Mail Archives: cygwin/2001/02/27/19:40:58
Hi, Chris, :)
> On Tue, Feb 27, 2001 at 02:25:55PM -0800, Jason Tiller wrote:
On Tue, 27 Feb 2001, Christopher Faylor wrote:
> >Per the instructions on http://www.cygwin.com/contrib.html, here is
> >the patch and ChangeLog entry for my minor changes to allow the
> >user to configure the right-side <alt> key (AltGr) to generate
> >Meta-prefixed characters as opposed to high-bit characters. This
> >is accomplished by a new CYGWIN environment variable option:
> >'right_alt_meta'. With this specified, AltGr generates Meta. The
> >default case or with 'noright_alt_meta' specified is to ignore
> >AltGr in the console handler.
> Actually, I have no problems with having both ALT keys generate a
> meta.

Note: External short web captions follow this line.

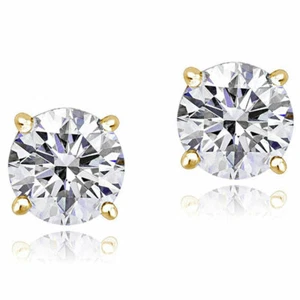 14K Yellow Gold Round White Clear CZ Classic Stud Earrings, 5 mm Diameter - Picture 1 of 5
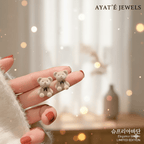 Flocked Teddy Bear Stud Earrings with Red Bow - Ayat'e Jewels
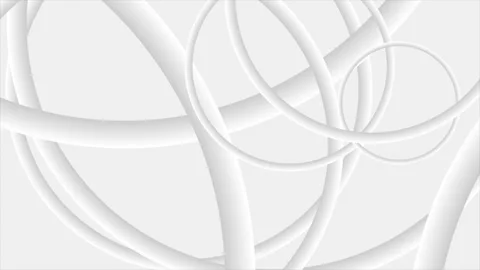 Grey white smooth circles abstract tech motion design Stock Footage 197412608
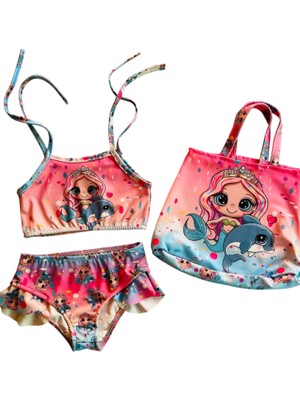 Kız Çocuk Deniz Kızı Desenli Çantalı Bikini Takımı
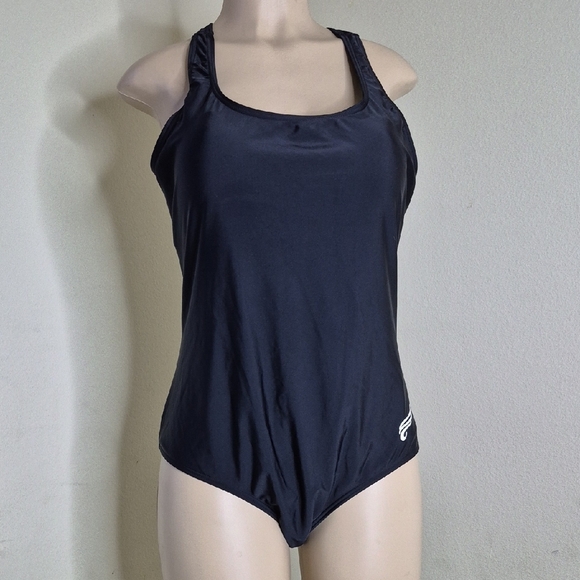 Black One Piece Swimwear with Racerback Design - Picture 1 of 4
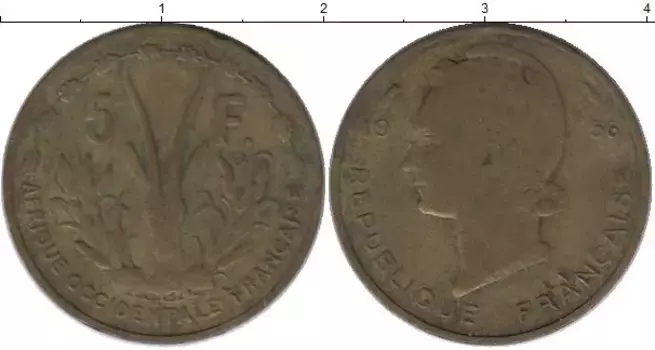 Монета 5 франков Французской Африки 1956 года Латунь Антилопа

I would rather not add to the plethora of CYGWIN options if
> we can help it.
I originally thought that this was the way to go, too, but in
researching the issue, I discovered that somewhere around B19 (I
think), the choice was made to *not* have AltGr generate Meta because
AltGr is used on international keyboards to generate the standard
shell characters, like '[]', '{}', etc., that are provided in
triple-overloaded keys. Ah, yes, here is the description of the issue
from the changes to B19 in the FAQ:
Alt Gr-key behavior has been changed in this release. The left
alt-key still produces ESC-key sequence. The right alt (Alt Gr)-key
now produces characters according to national keyboard layouts.
I think if you simply reverted AltGr to Meta again, international
users would be stuck having to make their own patches (as they did in
the past, I seem to recall reading) to generate shell characters.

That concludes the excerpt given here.